FREQUENTLY ASKED QUESTIONS
How does it work?
The person(s) harmed are invited to participate in a restorative conference with the responsible young person, along with supporters for both sides such as parents, friends, or family.
Everyone gets an opportunity to speak and have their story heard. Restorative questions are asked of each side:
• What happened?
• What were you thinking about at the time?
• What have you thought about since?
• Who has been affected by what you have done, and in what way? • What do you think needs to happen to put things right?
• What did you think when you realized what had happened?
• What impact has this incident had on you and on others?
• What has been the hardest thing for you?
• What do you think needs to happen to make things right?
What are the benefits of participating in a restorative conference?
The person harmed is given a space to be heard, to say how their life has been changed as a result of the harm caused to them and be included in the outcome; they have a say in how the young person is held accountable.
By meeting the needs of those they have harmed the young person is able to deepen their capacity for empathy and directly connect the consequences of their actions.
What happens if the harmed person(s) doesn’t wish to participate?
If the person(s) harmed do not wish to participate in a restorative conference, they can still have input into how the young person is held accountable by expressing their needs to the facilitator.
How is the young person held accountable if the harmed party is not present?
The assigned facilitator will meet with the young person and their parent/guardian to discuss the reason for the referral. They will encourage the young person to talk about what was going on at the time, and explain what caused them to cause harm.

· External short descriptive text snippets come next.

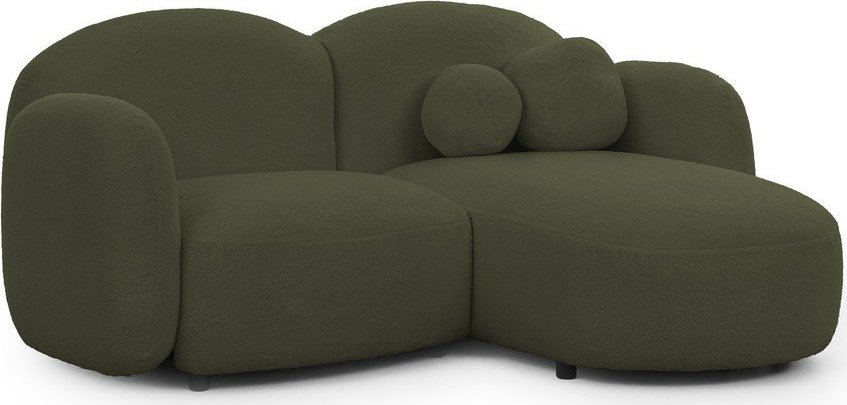 Zelená rohová pohovka z textilie bouclé (pravý roh/s lenoškou) Orbit – Ropez Ropez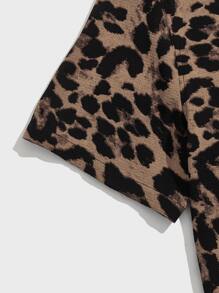 GENTILAND Bộ hai mảnh Nam Dây kéo Túi Nút phía trước Báo Giải trí - màu nâu - Xem 4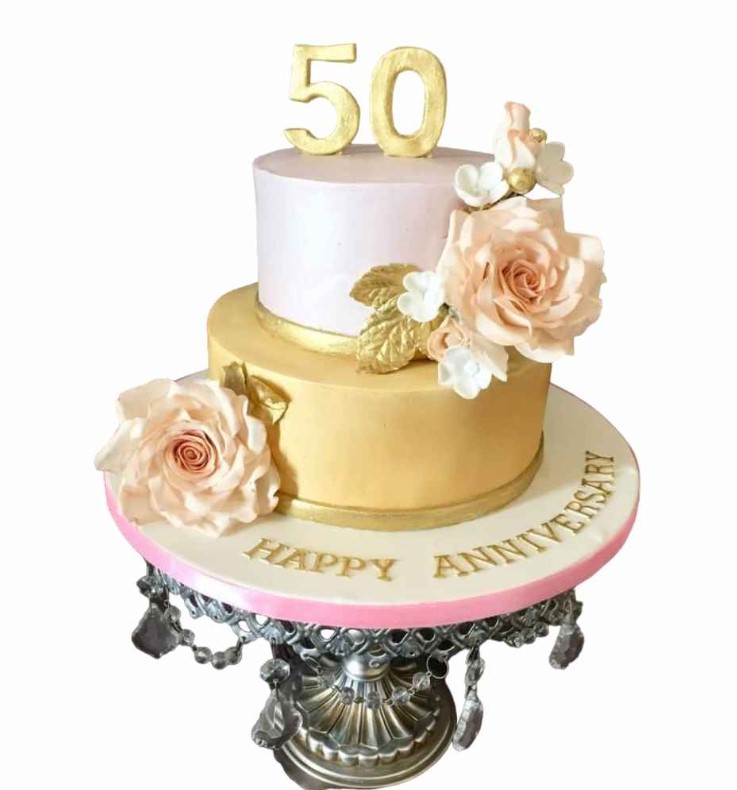 Send Online 4kg Golden Jubilee Cake Order Delivery | flowercakengifts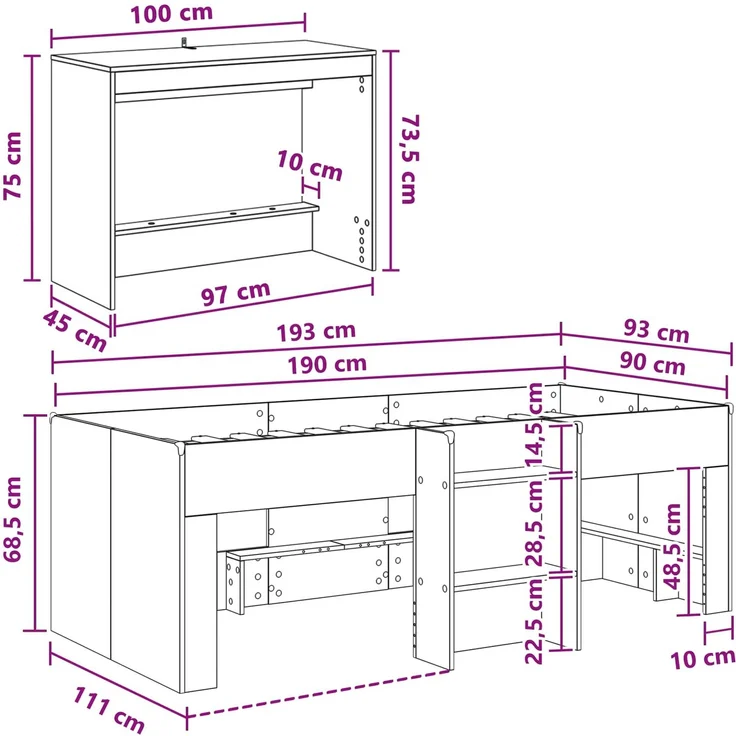 vidaXL Hochbett mit Schreibtisch für Kinder 2 stk. Betongrau 3423473 – Bild 8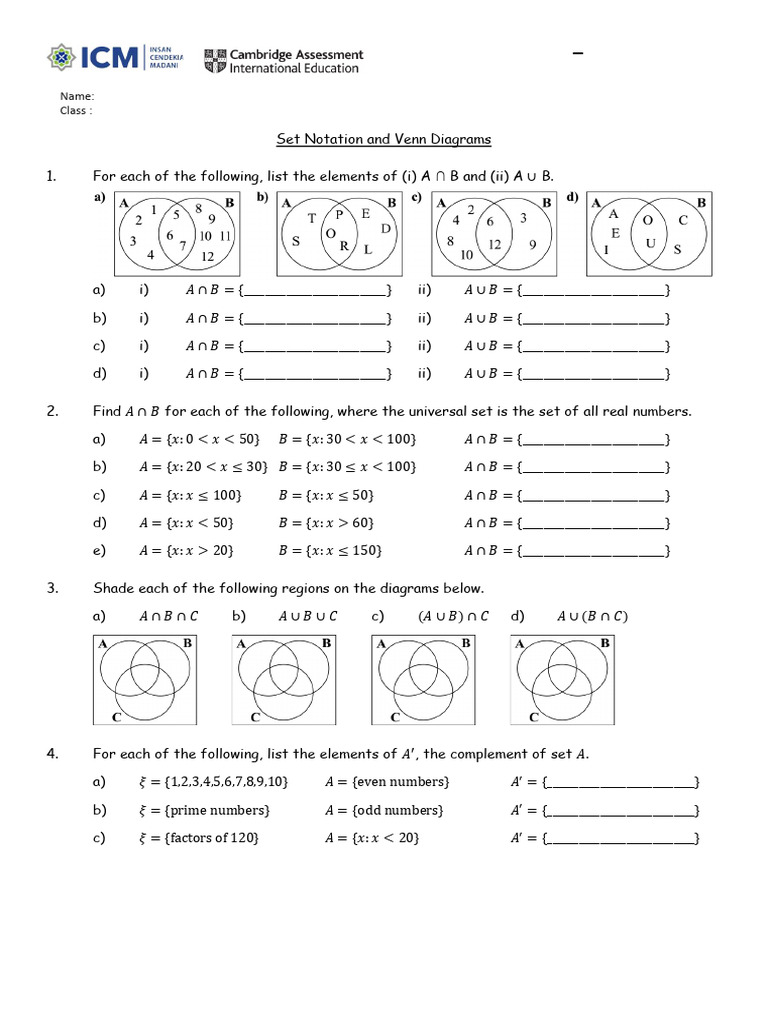 Set Notation and Venn Diagrams Assessment | PDF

They will discuss the impact of the harm caused, and discuss how they can put it right in a manner that meets the needs of all concerned.
Taking all this into account, and using SMART goals, the facilitator will write up an accountability contract that directly ties the nature of the wrong doing to the accountability sanctions.
It is very important for the responsible young person to be able to connect the consequence of their actions with how they make amends.
Upon completion of the accountability contract, the young person retains a clean record and can move forward with their life empowered by having taken responsibility to put things right.